_Task requirements:_
Please give back the lines from the line containing "Konferencja w Kujawsko-Pomorskim" through the end of the listing below, exactly as written and without pictures.

--- Input data Enclosed Below ---

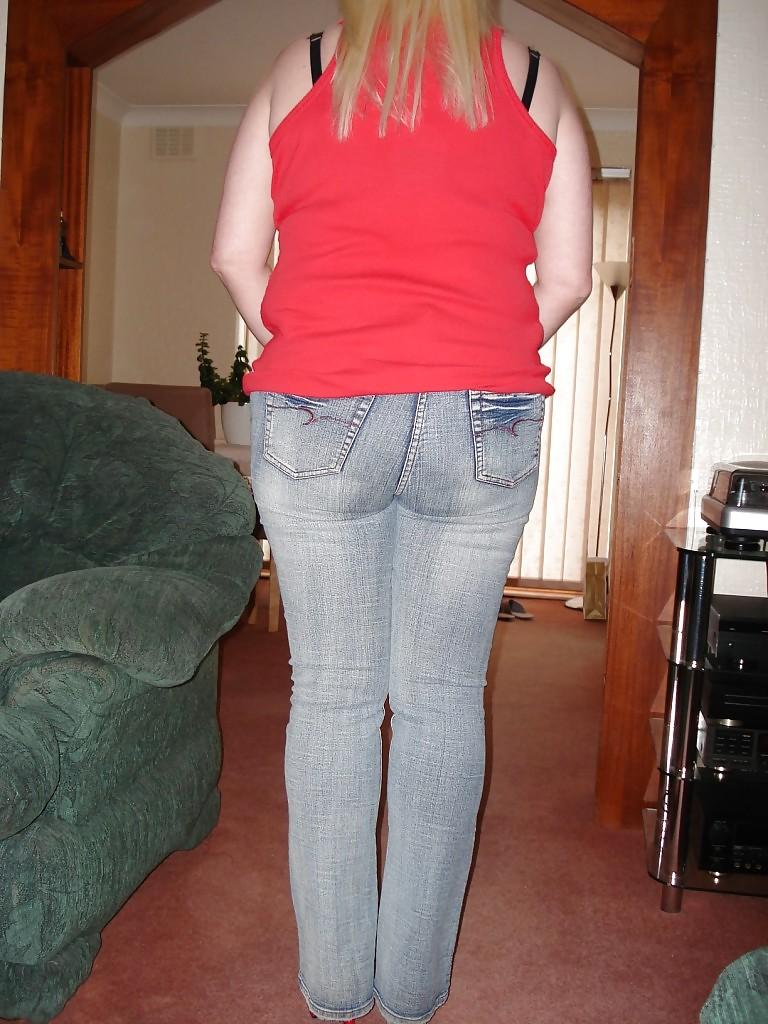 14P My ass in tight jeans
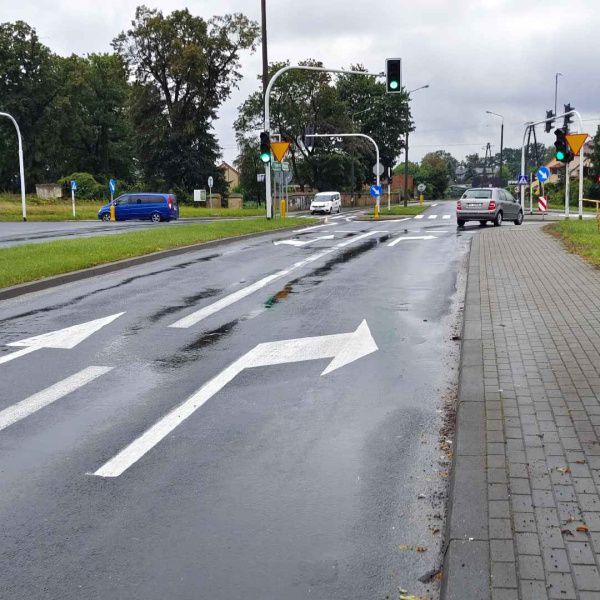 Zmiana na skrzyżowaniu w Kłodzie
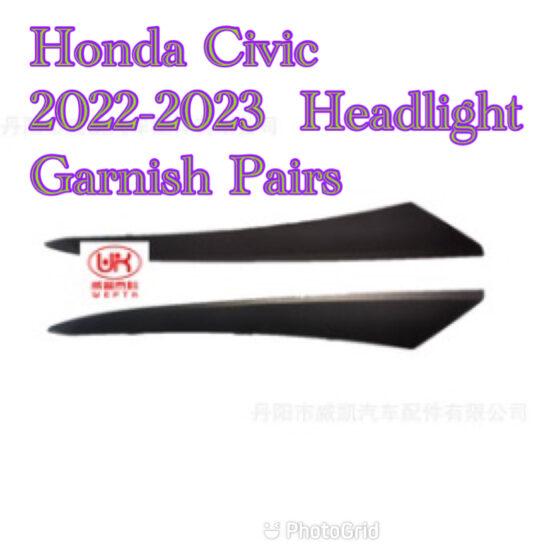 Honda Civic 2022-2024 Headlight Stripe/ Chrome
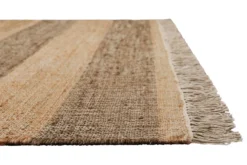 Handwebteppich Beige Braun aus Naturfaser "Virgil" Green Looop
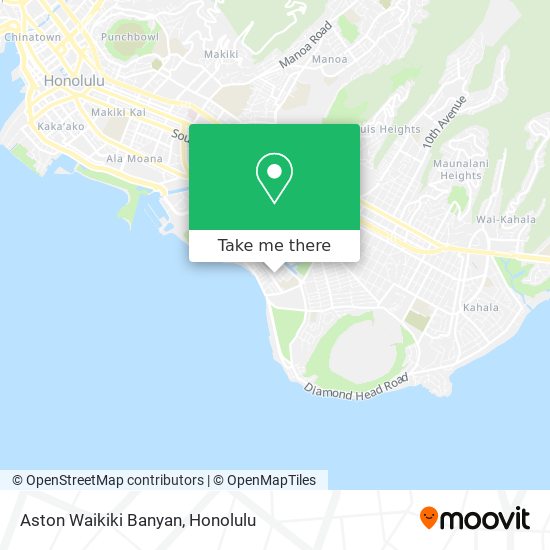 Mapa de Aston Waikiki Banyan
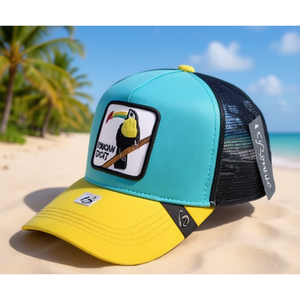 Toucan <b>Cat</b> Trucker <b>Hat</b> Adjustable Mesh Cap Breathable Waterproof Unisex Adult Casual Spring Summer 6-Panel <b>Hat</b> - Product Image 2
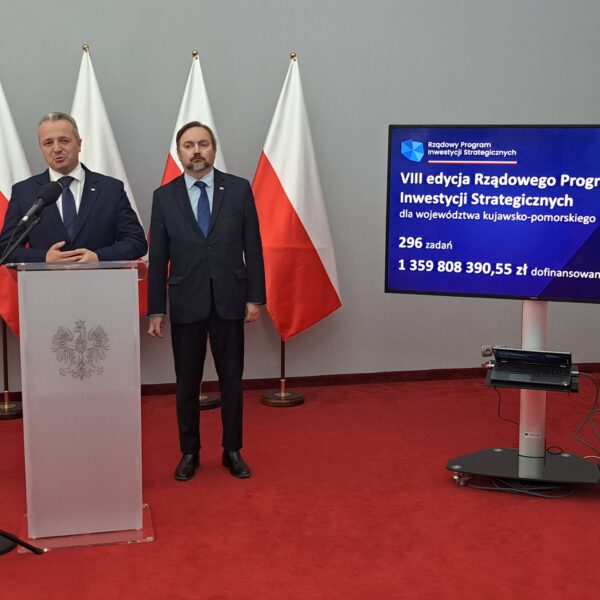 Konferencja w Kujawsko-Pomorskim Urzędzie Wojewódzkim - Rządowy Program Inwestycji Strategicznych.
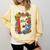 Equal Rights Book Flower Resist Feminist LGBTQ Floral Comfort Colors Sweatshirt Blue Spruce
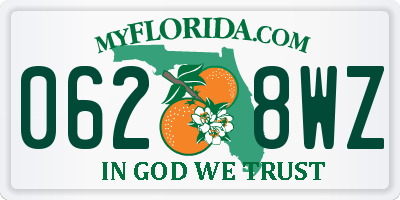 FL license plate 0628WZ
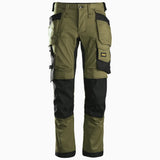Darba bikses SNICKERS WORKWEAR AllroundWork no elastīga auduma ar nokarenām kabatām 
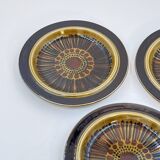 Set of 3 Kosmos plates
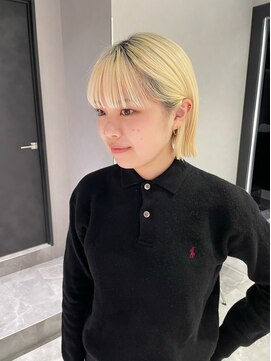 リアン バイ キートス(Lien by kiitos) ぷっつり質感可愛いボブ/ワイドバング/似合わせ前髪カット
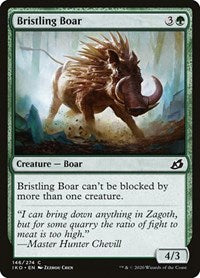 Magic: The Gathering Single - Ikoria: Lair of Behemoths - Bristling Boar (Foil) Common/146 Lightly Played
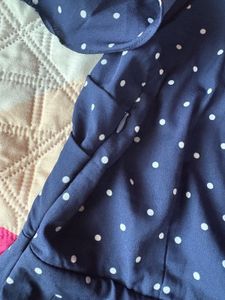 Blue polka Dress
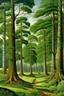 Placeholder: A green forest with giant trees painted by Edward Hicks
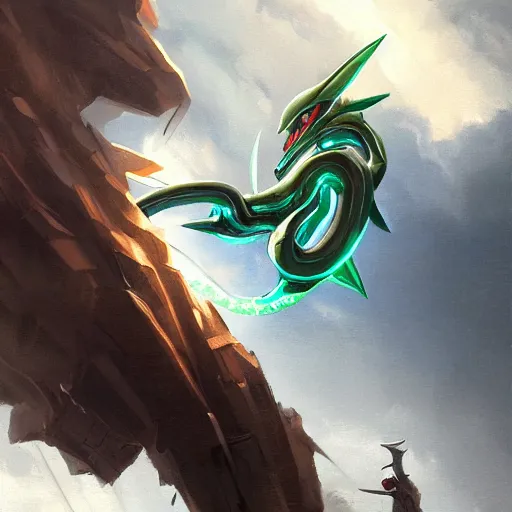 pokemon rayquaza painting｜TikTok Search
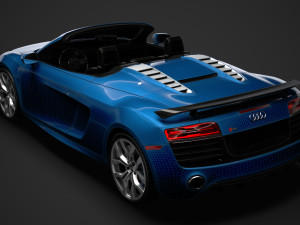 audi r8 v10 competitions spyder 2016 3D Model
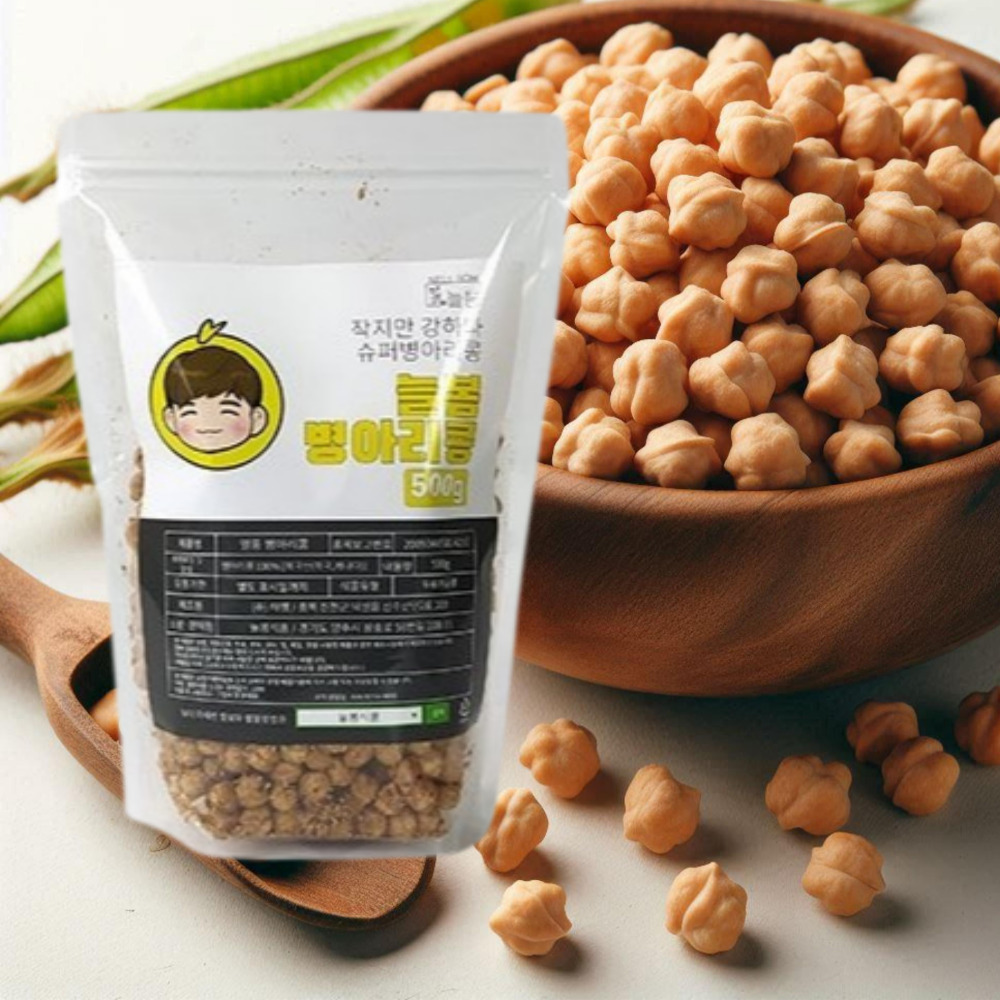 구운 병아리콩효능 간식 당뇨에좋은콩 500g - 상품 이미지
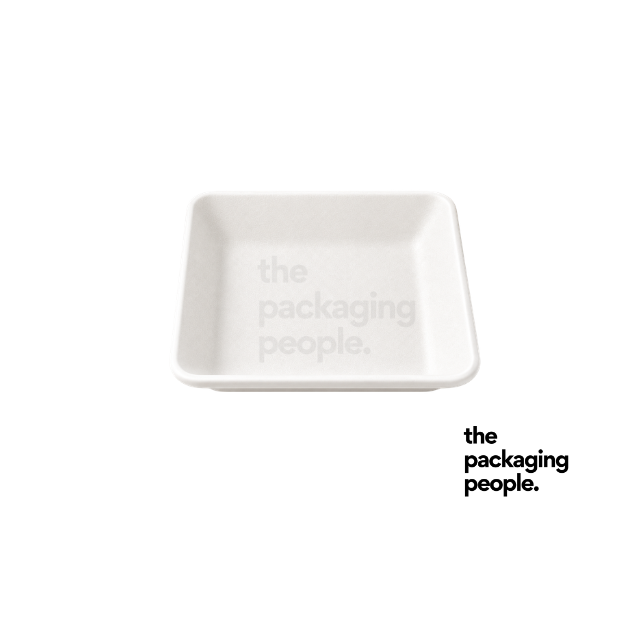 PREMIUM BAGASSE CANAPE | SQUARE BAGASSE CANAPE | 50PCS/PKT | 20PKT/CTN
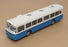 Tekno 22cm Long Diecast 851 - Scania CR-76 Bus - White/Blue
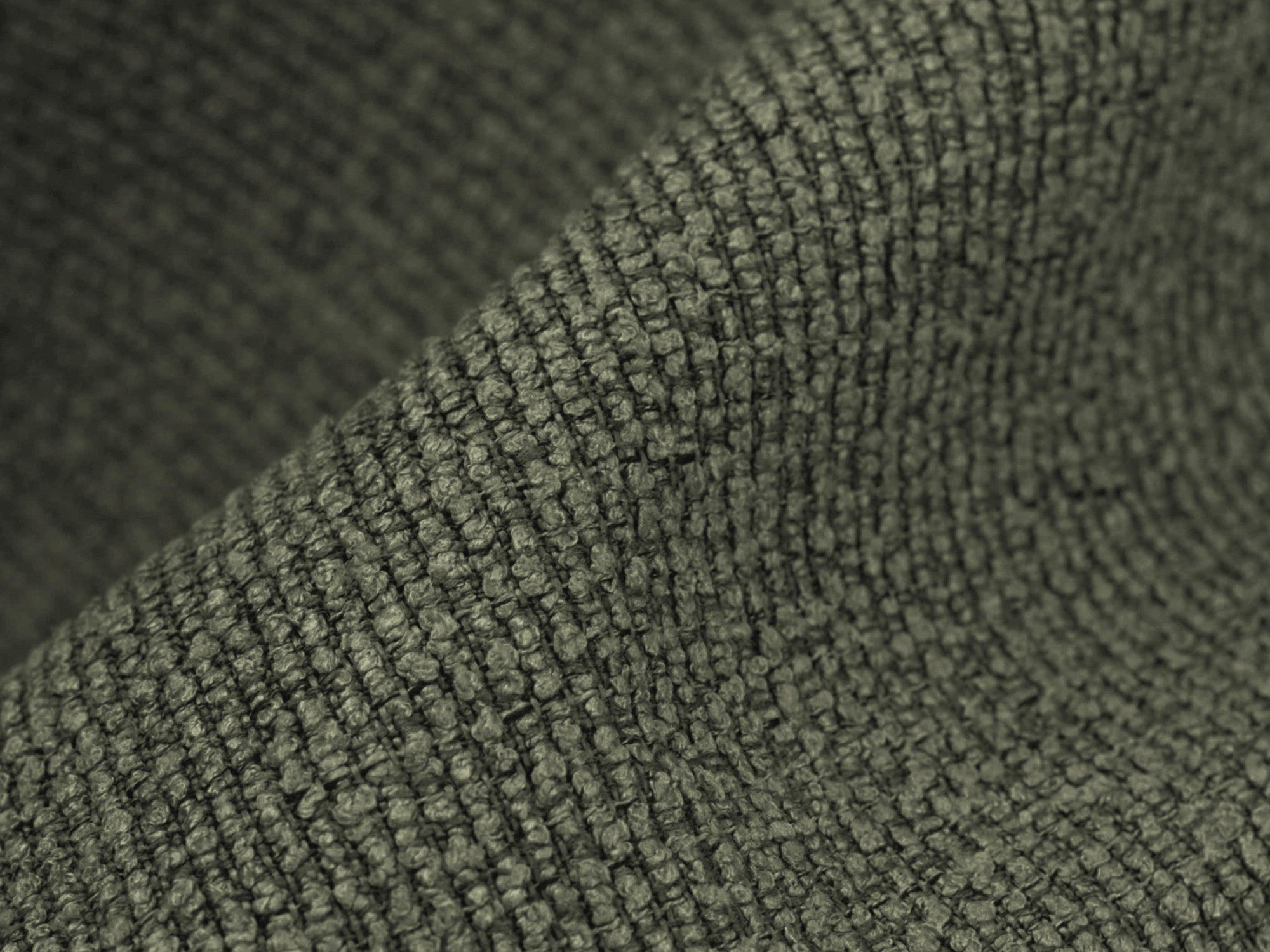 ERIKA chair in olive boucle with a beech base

--- End of Enclosed Input data ---

_Answer for this exercise:_
 Konferencja w Kujawsko-Pomorskim Urzędzie Wojewódzkim - Rządowy Program Inwestycji Strategicznych.
 Equal Rights Book Flower Resist Feminist LGBTQ Floral Comfort Colors Sweatshirt Blue Spruce
 FL license plate 0628WZ
Darba bikses SNICKERS WORKWEAR AllroundWork no elastīga auduma ar nokarenām kabatām 
 Set of 3 Kosmos plates
 リアン バイ キートス(Lien by kiitos) ぷっつり質感可愛いボブ/ワイドバング/似合わせ前髪カット
 Magic: The Gathering Single - Ikoria: Lair of Behemoths - Bristling Boar (Foil) Common/146 Lightly Played
 Blue polka Dress
 Placeholder: A green forest with giant trees painted by Edward Hicks
 pokemon rayquaza painting｜TikTok Search
 audi r8 v10 competitions spyder 2016 3D Model
 구운 병아리콩효능 간식 당뇨에좋은콩 500g - 상품 이미지
 PREMIUM BAGASSE CANAPE | SQUARE BAGASSE CANAPE | 50PCS/PKT | 20PKT/CTN
 Tekno 22cm Long Diecast 851 - Scania CR-76 Bus - White/Blue
 ERIKA chair in olive boucle with a beech base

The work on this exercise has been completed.